MES, symbole d’une industrialisation qui réduit les importations

Première étape de cette tournée : le groupe Mining Engineering Services (MES), devenu l’un des exemples les plus illustratifs de la montée en puissance de l’industrie congolaise.

Le consortium regroupe plusieurs filiales spécialisées dans divers secteurs stratégiques : construction des sites miniers, fabrication de plaques métalliques, câbles électriques moyenne et haute tension, matériaux de construction, boissons sucrées, eau minérale, détergents et emballages industriels. Tous les produits du groupe disposent d’une certification ISO, gage de conformité aux standards internationaux.

Grâce à l’appui du FPI, cette structure contribue progressivement à modifier le modèle économique congolais. La RDC, longtemps dépendante des importations, commence désormais à produire localement et à exporter certains biens manufacturés. Une évolution qui améliore progressivement la balance commerciale nationale.

Plus de 1.500 emplois créés en cinq ans

Depuis son implantation, MES a généré 1 566 emplois directs et indirects. Pour Hervé Claude Batukonke, cette performance doit impérativement s’accompagner du respect des normes sociales et fiscales.

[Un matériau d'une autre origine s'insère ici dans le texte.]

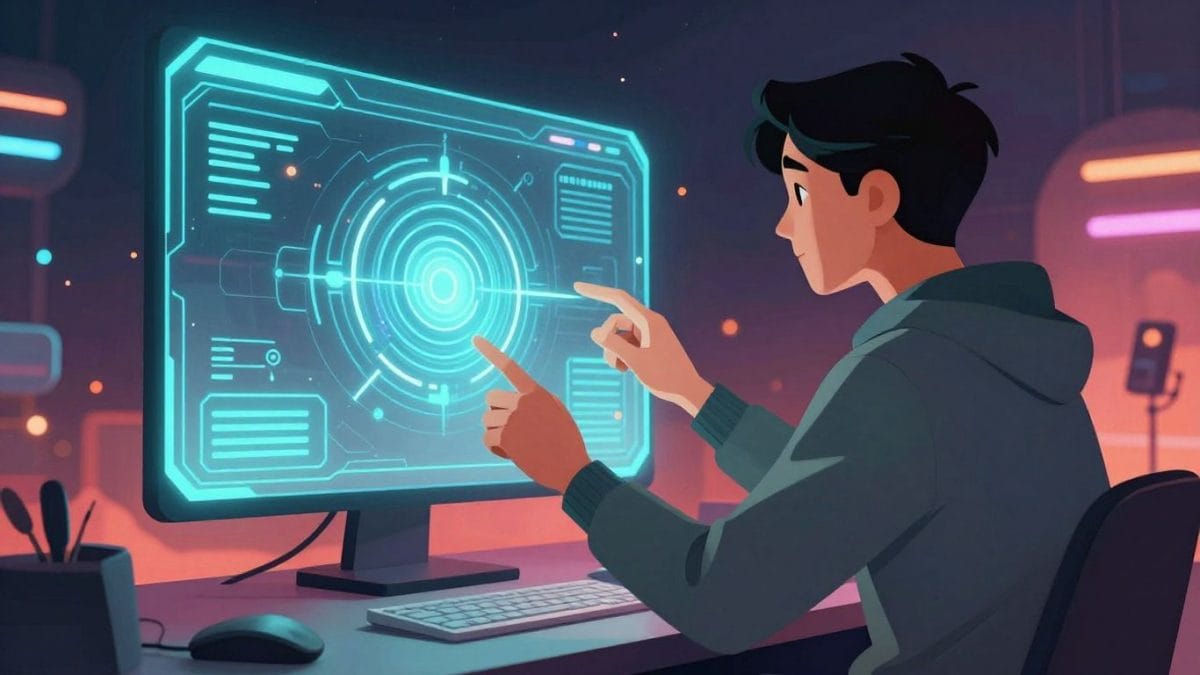 Person talking to a futuristic AI interface.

Le DG du FPI a insisté sur la nécessité d’offrir des emplois décents aux travailleurs congolais tout en honorant les obligations fiscales, notamment le paiement régulier de la Taxe de Promotion de l’Industrie.

Le groupe MES, qui a déjà remboursé 56 % des crédits obtenus auprès du FPI, sollicite aujourd’hui un financement complémentaire pour étendre ses activités. Une demande que le patron du FPI a soumise à une analyse approfondie avant toute décision.

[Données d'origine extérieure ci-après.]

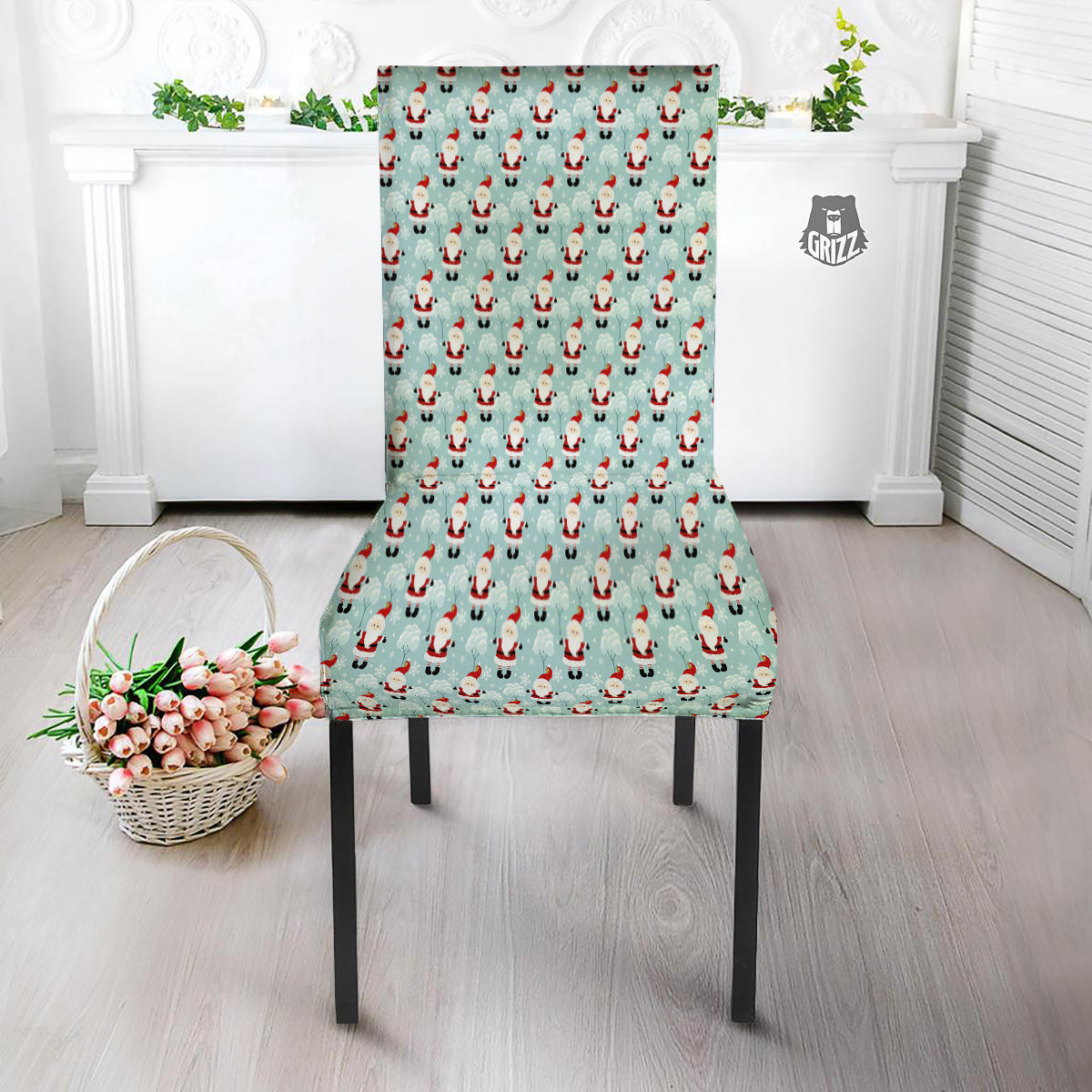 Santa Claus Cute Print Pattern Dining Chair Slipcover-grizzshop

PREMIDIS, STEELCO, Swista : Le FPI accélère la diversification industrielle

La mission du FPI s’est également poursuivie dans plusieurs autres unités industrielles du Haut-Katanga. La délégation a visité le projet PREMIDIS, actif dans les boissons gazeuses et les produits cosmétiques, l’usine Swista, ainsi que Bags and Sacks, spécialisée dans les emballages miniers et de ciment.

La société STEELCO, qui fabrique des lingots d’étain, des barres de fer et des tôles, a également reçu la visite du DG du FPI.

À travers cette tournée, Hervé Claude Batukonke entend renforcer une vision claire : soutenir des industries capables de créer de la valeur ajoutée locale, tout en imposant une culture de remboursement rigoureux des crédits publics et du respect des obligations fiscales.